- _Short descriptive text snippets_
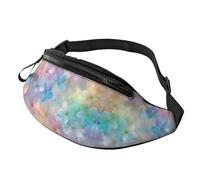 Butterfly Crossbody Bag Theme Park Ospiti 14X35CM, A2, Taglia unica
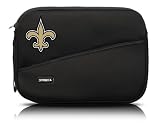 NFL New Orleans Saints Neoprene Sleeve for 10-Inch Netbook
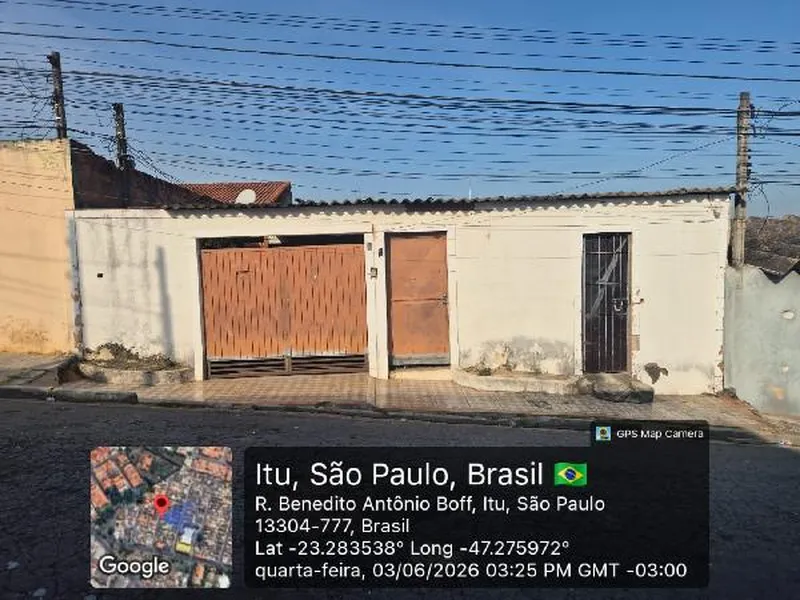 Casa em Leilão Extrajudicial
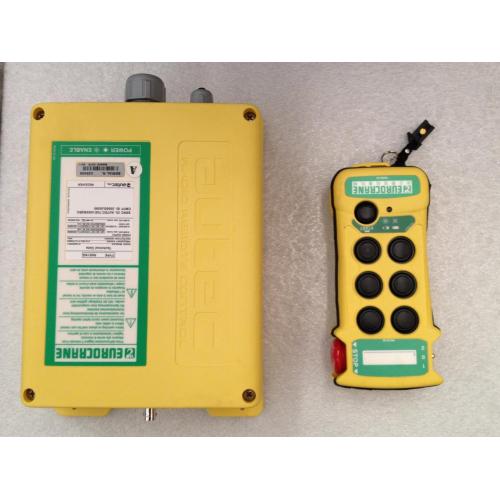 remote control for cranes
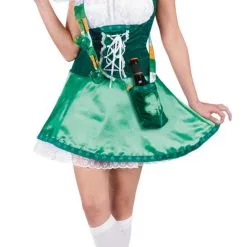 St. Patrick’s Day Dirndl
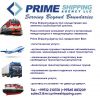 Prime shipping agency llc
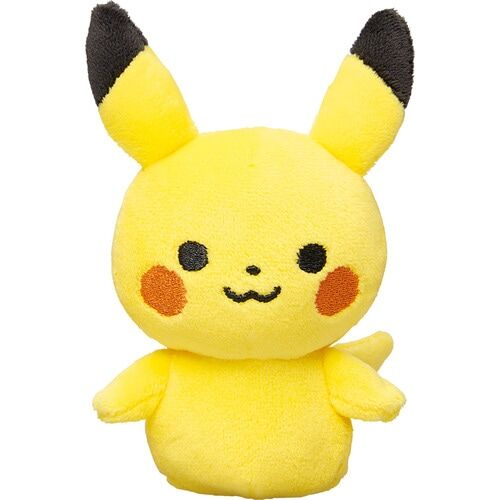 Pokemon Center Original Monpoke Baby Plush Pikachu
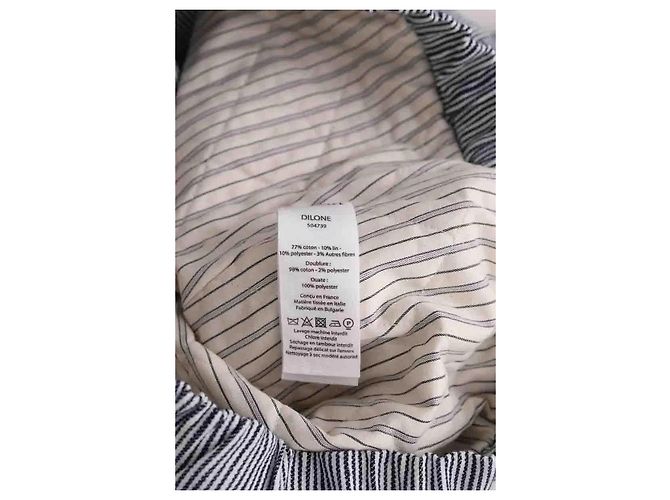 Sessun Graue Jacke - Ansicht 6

- _WORK INSTRUCTION_
Set down the data above verbatim, omitting every image.

- _RESULT OF THE EXERCISE_
 Butterfly Crossbody Bag Theme Park Ospiti 14X35CM, A2, Taglia unica
 NFL New Orleans Saints Neoprene Sleeve for 10-Inch Netbook
 Casa em Leilão Extrajudicial
 remote control for cranes
 St. Patrick’s Day Dirndl
 Prime shipping agency llc
 Pokemon Center Original Monpoke Baby Plush Pikachu
 Sessun Graue Jacke - Ansicht 6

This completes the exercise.